The real problem with hanging was ensuring the pull of the noose broke the neck of the condemned individual otherwise they would die slowly of strangulation.  By the nineteenth century however, the ‘long drop’, between four and six feet, snapped the second or third vertebra of the spine and caused rapid brain death.  Not so for Morison, he was brought to the Gallows Hill on a cart, bound hand and foot with the rope around his neck.  City executioner Robert Welsh whipped the pony pulling the cart and Morison slowly and painfully choked to death as the cart was yanked from beneath his feet.  His body later hung in chains on the gibbet until it rotted as a warning to others.

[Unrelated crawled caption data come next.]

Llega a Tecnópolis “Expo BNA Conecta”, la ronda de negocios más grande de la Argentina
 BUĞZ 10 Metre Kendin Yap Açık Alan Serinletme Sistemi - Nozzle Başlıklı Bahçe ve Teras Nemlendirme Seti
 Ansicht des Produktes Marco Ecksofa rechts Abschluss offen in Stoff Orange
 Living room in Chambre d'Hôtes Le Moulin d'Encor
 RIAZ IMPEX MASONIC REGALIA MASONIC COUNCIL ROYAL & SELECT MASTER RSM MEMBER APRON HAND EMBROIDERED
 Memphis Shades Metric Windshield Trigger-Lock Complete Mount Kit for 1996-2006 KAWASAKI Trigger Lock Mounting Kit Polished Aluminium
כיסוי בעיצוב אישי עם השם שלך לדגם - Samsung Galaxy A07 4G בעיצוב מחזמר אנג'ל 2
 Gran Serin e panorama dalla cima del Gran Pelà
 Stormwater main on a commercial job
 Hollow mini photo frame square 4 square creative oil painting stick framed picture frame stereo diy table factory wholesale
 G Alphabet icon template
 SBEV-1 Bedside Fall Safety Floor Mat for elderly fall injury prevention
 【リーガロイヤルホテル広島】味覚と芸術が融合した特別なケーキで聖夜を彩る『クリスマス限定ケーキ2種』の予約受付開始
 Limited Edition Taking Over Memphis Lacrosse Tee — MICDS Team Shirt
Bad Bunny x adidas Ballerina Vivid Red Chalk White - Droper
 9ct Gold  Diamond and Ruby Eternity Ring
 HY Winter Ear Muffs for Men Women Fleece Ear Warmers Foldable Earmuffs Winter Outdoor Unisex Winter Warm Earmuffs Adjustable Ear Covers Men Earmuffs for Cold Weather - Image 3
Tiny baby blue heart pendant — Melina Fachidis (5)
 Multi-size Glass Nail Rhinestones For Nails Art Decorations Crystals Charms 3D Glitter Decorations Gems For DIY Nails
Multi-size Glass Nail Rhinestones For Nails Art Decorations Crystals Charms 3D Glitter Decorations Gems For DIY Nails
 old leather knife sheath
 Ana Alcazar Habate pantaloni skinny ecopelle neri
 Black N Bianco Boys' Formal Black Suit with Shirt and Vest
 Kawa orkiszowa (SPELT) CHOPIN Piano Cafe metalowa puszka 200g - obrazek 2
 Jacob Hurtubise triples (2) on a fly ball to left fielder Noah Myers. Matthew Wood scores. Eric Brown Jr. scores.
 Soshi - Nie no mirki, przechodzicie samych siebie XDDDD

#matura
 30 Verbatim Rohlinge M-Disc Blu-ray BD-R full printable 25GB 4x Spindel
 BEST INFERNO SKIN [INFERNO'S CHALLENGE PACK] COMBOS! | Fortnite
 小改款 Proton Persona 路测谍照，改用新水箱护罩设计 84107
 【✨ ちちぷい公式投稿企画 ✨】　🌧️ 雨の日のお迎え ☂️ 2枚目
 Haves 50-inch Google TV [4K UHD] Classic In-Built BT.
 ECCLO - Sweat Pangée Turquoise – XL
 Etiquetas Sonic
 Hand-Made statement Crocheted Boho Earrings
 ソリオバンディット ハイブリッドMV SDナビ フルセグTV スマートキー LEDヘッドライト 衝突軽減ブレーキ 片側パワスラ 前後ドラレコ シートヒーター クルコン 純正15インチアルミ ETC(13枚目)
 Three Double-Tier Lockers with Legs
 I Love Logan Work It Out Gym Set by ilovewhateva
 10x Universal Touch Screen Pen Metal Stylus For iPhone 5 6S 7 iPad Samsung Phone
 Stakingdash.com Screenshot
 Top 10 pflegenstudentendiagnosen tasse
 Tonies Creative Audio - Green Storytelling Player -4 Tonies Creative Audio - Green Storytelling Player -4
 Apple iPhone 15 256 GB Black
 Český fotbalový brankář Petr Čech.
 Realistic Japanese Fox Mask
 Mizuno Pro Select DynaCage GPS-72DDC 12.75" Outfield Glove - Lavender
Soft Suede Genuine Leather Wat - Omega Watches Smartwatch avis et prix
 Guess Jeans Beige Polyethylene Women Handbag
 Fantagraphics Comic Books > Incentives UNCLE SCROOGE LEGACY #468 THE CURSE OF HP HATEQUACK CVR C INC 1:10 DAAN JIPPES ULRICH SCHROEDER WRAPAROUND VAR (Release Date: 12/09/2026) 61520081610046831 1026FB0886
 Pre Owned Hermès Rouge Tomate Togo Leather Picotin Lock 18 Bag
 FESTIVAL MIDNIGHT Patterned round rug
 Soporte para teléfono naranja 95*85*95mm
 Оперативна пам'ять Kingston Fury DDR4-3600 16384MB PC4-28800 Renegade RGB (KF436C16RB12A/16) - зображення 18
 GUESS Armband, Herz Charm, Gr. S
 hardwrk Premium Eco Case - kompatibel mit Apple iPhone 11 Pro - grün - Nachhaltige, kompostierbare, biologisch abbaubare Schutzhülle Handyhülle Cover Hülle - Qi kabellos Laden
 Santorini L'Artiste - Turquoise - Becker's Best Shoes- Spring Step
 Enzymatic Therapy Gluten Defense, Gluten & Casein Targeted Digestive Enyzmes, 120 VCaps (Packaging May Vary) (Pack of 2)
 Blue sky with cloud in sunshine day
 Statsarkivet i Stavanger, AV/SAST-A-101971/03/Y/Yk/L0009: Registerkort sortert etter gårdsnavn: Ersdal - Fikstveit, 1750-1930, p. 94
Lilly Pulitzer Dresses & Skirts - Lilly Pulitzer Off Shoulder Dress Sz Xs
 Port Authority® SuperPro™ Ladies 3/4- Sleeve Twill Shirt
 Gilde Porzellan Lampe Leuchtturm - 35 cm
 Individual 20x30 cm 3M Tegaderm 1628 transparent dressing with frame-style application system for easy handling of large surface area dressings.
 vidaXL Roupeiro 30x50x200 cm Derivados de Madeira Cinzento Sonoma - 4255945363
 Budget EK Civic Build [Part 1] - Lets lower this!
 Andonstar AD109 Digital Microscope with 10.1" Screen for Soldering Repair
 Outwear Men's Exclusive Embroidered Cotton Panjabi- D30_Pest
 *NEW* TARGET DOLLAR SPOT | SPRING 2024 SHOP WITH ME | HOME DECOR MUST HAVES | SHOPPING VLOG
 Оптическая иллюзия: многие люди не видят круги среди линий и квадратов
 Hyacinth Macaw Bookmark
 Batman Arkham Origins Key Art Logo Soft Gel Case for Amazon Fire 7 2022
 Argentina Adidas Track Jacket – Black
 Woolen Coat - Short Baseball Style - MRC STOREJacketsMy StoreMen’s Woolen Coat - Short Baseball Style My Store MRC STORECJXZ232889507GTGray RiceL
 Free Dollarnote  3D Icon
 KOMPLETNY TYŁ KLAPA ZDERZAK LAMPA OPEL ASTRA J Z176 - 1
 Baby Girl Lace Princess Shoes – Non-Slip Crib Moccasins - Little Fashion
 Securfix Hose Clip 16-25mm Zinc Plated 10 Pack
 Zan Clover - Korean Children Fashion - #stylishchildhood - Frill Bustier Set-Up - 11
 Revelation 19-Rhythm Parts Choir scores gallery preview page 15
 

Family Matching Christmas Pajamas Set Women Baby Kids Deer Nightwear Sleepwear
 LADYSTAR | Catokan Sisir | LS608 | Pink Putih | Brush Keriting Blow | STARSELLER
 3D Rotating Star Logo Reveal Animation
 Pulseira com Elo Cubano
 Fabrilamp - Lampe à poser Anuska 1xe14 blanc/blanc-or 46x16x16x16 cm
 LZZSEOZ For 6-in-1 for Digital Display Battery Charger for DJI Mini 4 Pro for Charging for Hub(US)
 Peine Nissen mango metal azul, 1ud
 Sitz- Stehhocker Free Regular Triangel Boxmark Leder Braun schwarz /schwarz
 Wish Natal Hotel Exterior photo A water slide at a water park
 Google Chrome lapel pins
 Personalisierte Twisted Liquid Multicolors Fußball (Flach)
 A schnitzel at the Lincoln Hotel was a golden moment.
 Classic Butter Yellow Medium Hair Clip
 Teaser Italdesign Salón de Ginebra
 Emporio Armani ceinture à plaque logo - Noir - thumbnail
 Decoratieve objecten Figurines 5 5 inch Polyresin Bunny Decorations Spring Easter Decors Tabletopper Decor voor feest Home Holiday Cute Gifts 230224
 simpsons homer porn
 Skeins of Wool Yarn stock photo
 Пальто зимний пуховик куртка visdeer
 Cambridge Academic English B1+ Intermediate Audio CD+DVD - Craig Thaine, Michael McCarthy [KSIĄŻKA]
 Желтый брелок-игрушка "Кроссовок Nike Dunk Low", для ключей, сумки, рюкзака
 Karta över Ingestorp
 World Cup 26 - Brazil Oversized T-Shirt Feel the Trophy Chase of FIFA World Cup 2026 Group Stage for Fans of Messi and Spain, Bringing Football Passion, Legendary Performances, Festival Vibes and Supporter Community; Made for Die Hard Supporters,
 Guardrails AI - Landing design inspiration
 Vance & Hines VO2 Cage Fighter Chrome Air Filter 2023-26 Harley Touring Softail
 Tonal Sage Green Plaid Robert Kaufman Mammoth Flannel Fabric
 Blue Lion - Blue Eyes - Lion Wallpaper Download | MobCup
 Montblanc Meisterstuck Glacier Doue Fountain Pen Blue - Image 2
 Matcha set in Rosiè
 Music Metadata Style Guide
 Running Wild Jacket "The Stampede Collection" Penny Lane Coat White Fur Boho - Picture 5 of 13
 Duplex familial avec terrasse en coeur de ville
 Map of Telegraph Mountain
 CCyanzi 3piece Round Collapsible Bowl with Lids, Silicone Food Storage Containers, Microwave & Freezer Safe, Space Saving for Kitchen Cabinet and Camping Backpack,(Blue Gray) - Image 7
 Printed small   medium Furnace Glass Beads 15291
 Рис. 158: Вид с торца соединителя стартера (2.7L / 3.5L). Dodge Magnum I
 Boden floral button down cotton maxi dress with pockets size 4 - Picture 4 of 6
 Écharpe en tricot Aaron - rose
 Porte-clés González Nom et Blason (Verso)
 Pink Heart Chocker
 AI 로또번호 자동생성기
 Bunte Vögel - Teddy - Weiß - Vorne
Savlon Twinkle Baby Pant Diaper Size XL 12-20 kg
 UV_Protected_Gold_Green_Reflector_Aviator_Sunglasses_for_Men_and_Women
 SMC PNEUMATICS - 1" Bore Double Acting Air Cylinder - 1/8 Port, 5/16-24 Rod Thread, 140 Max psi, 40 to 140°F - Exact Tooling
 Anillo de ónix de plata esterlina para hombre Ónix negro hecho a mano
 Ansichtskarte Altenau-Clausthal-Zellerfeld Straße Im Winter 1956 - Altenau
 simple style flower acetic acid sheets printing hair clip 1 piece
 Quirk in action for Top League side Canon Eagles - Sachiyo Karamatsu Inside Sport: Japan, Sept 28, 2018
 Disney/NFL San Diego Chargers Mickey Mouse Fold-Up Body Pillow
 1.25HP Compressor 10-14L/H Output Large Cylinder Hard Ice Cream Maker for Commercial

Fifty years later the hill was partly excavated to create a gunpowder magazine for use by the King Street Militia barracks;  the soldiers made a gruesome discovery — piles of human bones, the remains of the condemned who had been buried under the hill, excluded from sacred ground because of their sins.  Stand on the Gallows Hill today just as the sun sinks below the horizon and you might imagine the sounds of the baying crowd and the executioner’s final words… ‘May God have mercy on your soul!’